Is This What Getting High Feels Like?

Austin City Limits was fantastic, but there was this one point that wasn’t as cool. That was when a drunk girl burned me with her lit cigarette.

Blanton and I camped out at one of the larger stages, the AMD stage, for a little over five hours. Stages alternate shows, and each stage features an artist who plays a one hour set, then there’s a one hour break, then another one hour set. At AMD we saw the Avett Brothers, Phoenix, and John Legend. All were great, but I really wasn’t expecting anything out of the Avett Brothers, and they made it rain. At least they brought the cloud cover, which was highly desirable in the Austin heat.

However, in the waiting hour between the Avett Brothers and Phoenix, standing with Blanton at the front of the crowd (that’s what you wait five hours for – to be at the front), I felt something that, at the time, I thought to be a mega wasp sting on my elbow.

I once saw a movie on the SyFy channel called Mansquito. I believe what I felt must have been comparable to what Lt. Randall felt fighting that monster.

After crying aloud in pain, I turned and saw a drunk, heavy girl holding a beer and a cigarette in one hand. She apologized – a lot – but really, when was the last time you burned a stranger with a cigarette? That sort of thing doesn’t happen. It’s like accidentally dropping a baby, or unintentionally selling state secrets to a Soviet Bloc country. Her kind of negligence was what put Nero in power.

As consolation, she showed me a mark on her arm where she had put a cigarette out by snuffing on her skin. How does that make me feel better? All I know now is that not only are you drunk, but you’ve also shown yourself to be a consistent idiot. To try and make her feel stupid, I took my elbow and put it on her forearm, so that the burn marks touched, and said, “High Five.” She didn’t get it.

The Unsung Heroes of ACL

I went to Austin City Limits yesterday with Blanton, and yes, it was great, but I can’t talk about that right now. My heart is so full for one specific issue that I have to pour it out before it starts to boil and I die. I think that’s what happens, from my rudimentary understanding of anatomy.

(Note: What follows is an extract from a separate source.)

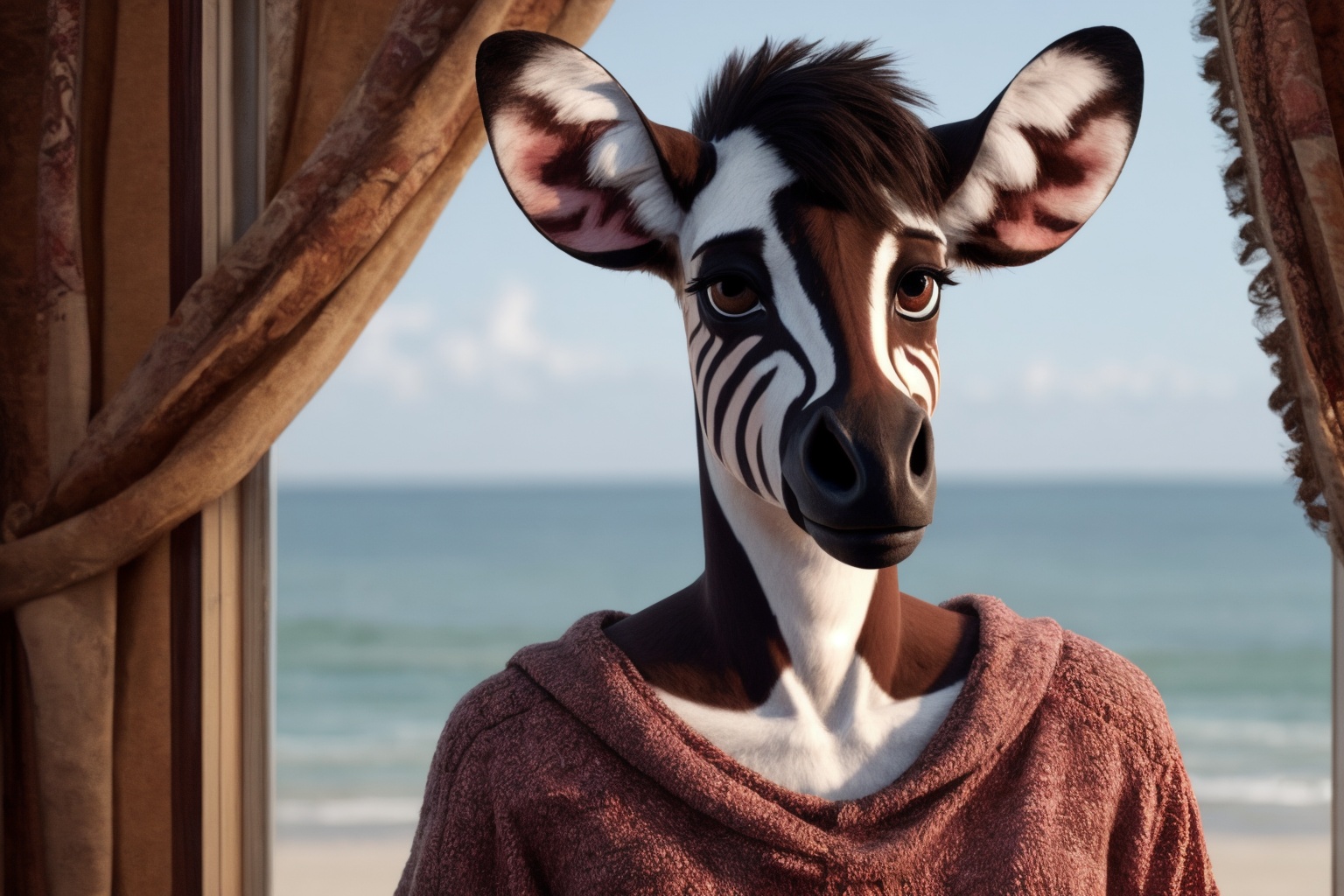 Okapi,  (anthro),  intricate_detailed on Tensor.Art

Sign language translators at music festivals. These women (I didn’t see any men) are valiant – they process live lyrics and output them into the sign language format deaf people have come to know and love, all while maintaining some semblance of rhythm and meter. The best part: I have no idea why.
There were translators at every show I saw, and they all behaved differently. At Phoenix, the translators was shuffling her feet like she was in a step train, pumping her knees like pistons while translating the stutters and French accent of the lead singer. During John Legend, another woman focused on communicating the whole sex appeal by slowly swaying her very wide and old body. She may have spoken with her hands, but she was communicating with her hips. And the last show, Kings of Leon, had a spotlight at an odd angle, illuminating only half of the translator, so that her signs became gigantic shadow puppets on the muslin that covered the speakers.
My personal favorite was the woman at Andrew Bird. That lady deserves a medal, or at least a VIP pass. Maybe some time at the autograph tent. She managed to communicate about half of Bird’s lyrics while keeping her involuntary laughter at her own incompetence to a minimum. This is not because she was bad – I think that she had ACL’s number one hands – but because Bird’s lyrics are so weird. There probably aren’t signs for words like “formaldehyde” and “anoanimal” and “vestments of translucent alabaster.” I’m pretty sure she translated that last one as “gown of see through rock.” I really don’t see another way to do it.
The best part was watching her try to communicate whistling, violin, and xylophone all at the same time; she had to find some way of expressing the idea of looping, but the best way she came up with was to try and stifle her laughter and point to her puckered lips, as if she was undergoing asphyxiation.
Deaf people can taste the delicious Sweet Leaf Tea, smell the weed smoke, feel the burning cigarette a drunk girl pushes into the flesh of their arm (and when you read deaf people, think Cass Trumbo), but they hear no noise. Really – why are deaf people going to a music festival?